Exercise. Copy verbatim the block of lines in the entries below whose first line contains "RMC MARTIN KSOHOH" and whose last line contains "Eettafel Zion Ovaal". Leave out all other lines.
=== Section Start ===
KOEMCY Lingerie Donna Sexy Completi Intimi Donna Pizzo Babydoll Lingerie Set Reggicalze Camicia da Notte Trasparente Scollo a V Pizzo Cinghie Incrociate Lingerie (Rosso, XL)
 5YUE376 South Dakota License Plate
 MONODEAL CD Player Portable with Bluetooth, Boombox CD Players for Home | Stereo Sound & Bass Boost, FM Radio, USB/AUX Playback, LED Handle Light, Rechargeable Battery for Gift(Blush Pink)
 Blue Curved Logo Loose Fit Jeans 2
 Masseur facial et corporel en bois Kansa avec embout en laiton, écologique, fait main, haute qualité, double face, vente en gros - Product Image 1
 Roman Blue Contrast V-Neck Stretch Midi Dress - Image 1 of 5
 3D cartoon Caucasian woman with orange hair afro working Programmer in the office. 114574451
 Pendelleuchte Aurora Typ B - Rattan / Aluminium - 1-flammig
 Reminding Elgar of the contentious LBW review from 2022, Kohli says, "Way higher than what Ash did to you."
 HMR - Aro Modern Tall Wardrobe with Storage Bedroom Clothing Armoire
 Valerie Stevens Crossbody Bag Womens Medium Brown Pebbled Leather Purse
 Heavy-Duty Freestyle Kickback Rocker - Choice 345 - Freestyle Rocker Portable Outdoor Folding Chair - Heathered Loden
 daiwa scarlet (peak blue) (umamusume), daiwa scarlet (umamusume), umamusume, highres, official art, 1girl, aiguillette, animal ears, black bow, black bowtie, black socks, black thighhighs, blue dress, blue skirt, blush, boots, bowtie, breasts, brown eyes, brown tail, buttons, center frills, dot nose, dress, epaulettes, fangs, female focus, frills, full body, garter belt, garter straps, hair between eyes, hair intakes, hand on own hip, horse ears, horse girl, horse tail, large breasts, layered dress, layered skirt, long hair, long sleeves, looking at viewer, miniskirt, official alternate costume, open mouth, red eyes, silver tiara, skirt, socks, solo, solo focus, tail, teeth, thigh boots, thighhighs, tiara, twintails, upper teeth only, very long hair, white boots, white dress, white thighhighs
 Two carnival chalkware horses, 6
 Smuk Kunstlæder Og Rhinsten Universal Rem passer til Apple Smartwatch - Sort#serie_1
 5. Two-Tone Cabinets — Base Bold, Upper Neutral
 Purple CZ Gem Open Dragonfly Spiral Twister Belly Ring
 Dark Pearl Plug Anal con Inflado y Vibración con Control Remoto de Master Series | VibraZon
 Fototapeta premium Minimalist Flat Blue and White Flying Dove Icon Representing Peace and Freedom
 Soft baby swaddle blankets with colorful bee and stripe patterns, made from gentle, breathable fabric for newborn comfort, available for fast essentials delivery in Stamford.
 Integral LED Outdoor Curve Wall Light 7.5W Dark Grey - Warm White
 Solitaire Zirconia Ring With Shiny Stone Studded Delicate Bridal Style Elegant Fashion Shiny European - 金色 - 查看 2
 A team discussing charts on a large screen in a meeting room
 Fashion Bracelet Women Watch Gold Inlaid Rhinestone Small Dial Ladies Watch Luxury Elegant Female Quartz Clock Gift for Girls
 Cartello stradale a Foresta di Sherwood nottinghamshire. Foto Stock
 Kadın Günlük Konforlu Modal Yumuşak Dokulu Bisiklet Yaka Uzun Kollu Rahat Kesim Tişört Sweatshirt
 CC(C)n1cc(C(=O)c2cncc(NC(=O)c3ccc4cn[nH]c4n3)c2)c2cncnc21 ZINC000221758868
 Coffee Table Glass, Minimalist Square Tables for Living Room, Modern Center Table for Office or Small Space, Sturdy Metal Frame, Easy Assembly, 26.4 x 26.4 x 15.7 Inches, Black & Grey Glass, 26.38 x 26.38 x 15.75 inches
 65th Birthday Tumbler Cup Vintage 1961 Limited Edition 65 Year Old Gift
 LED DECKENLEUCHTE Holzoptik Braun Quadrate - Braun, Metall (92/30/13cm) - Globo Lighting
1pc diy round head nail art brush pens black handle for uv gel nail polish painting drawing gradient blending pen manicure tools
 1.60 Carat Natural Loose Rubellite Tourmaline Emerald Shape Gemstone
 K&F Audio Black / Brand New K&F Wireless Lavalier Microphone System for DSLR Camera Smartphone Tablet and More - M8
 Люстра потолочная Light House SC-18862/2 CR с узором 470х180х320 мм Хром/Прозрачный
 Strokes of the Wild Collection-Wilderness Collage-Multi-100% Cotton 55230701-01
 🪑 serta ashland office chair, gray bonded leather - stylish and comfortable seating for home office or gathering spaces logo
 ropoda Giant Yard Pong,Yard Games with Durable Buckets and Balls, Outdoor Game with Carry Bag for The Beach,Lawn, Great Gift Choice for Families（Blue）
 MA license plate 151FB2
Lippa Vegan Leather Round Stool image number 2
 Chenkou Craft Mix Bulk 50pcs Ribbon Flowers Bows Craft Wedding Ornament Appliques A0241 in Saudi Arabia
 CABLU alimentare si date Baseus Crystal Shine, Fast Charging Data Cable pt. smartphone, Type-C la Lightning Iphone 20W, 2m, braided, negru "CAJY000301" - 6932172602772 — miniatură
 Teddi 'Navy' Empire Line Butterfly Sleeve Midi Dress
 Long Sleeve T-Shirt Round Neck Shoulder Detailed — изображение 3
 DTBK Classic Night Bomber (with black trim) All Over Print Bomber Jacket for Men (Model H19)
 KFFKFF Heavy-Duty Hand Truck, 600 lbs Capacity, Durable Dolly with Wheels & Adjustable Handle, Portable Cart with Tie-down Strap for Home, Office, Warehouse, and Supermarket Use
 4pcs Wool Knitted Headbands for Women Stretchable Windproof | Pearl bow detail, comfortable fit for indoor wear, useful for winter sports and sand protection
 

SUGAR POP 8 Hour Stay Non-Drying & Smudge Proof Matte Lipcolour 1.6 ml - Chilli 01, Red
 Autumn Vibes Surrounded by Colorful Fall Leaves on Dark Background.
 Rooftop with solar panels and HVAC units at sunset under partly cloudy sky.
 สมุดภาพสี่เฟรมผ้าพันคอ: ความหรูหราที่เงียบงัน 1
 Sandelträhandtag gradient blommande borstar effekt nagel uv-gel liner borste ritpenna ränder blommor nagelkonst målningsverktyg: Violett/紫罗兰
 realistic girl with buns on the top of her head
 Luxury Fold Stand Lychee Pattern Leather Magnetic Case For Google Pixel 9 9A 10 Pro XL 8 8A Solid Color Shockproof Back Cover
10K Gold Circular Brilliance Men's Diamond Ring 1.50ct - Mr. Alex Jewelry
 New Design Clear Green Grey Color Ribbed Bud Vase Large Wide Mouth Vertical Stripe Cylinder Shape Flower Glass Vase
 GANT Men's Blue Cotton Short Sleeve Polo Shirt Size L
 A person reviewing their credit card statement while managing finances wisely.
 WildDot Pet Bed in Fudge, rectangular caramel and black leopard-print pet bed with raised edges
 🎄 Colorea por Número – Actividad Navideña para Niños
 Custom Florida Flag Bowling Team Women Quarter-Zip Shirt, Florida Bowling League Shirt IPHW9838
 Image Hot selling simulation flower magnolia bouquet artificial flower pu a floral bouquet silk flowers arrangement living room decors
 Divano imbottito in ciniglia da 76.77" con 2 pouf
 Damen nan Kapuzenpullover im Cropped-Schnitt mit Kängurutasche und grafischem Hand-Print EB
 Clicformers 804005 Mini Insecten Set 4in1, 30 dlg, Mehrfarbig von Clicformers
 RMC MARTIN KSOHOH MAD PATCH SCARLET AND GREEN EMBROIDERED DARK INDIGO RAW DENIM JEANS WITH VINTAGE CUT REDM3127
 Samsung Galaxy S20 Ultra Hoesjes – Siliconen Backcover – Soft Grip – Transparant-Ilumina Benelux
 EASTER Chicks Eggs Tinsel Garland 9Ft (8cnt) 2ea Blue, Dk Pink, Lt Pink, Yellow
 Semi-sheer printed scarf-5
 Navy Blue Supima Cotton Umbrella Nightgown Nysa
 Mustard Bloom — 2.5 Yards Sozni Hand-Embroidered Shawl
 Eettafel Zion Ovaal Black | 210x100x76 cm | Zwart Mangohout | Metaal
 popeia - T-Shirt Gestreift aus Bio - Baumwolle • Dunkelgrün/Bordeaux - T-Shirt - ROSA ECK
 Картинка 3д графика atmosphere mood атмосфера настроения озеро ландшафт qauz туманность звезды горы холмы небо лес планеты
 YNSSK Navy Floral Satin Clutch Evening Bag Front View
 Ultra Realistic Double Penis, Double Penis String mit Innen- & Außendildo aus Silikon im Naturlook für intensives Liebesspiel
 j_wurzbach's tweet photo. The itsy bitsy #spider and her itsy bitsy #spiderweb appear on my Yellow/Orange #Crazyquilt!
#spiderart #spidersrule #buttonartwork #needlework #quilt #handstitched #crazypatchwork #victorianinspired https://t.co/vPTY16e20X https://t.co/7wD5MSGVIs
=== Section End ===
Solution for this problem.
 RMC MARTIN KSOHOH MAD PATCH SCARLET AND GREEN EMBROIDERED DARK INDIGO RAW DENIM JEANS WITH VINTAGE CUT REDM3127
 Samsung Galaxy S20 Ultra Hoesjes – Siliconen Backcover – Soft Grip – Transparant-Ilumina Benelux
 EASTER Chicks Eggs Tinsel Garland 9Ft (8cnt) 2ea Blue, Dk Pink, Lt Pink, Yellow
 Semi-sheer printed scarf-5
 Navy Blue Supima Cotton Umbrella Nightgown Nysa
 Mustard Bloom — 2.5 Yards Sozni Hand-Embroidered Shawl
 Eettafel Zion Ovaal Black | 210x100x76 cm | Zwart Mangohout | Metaal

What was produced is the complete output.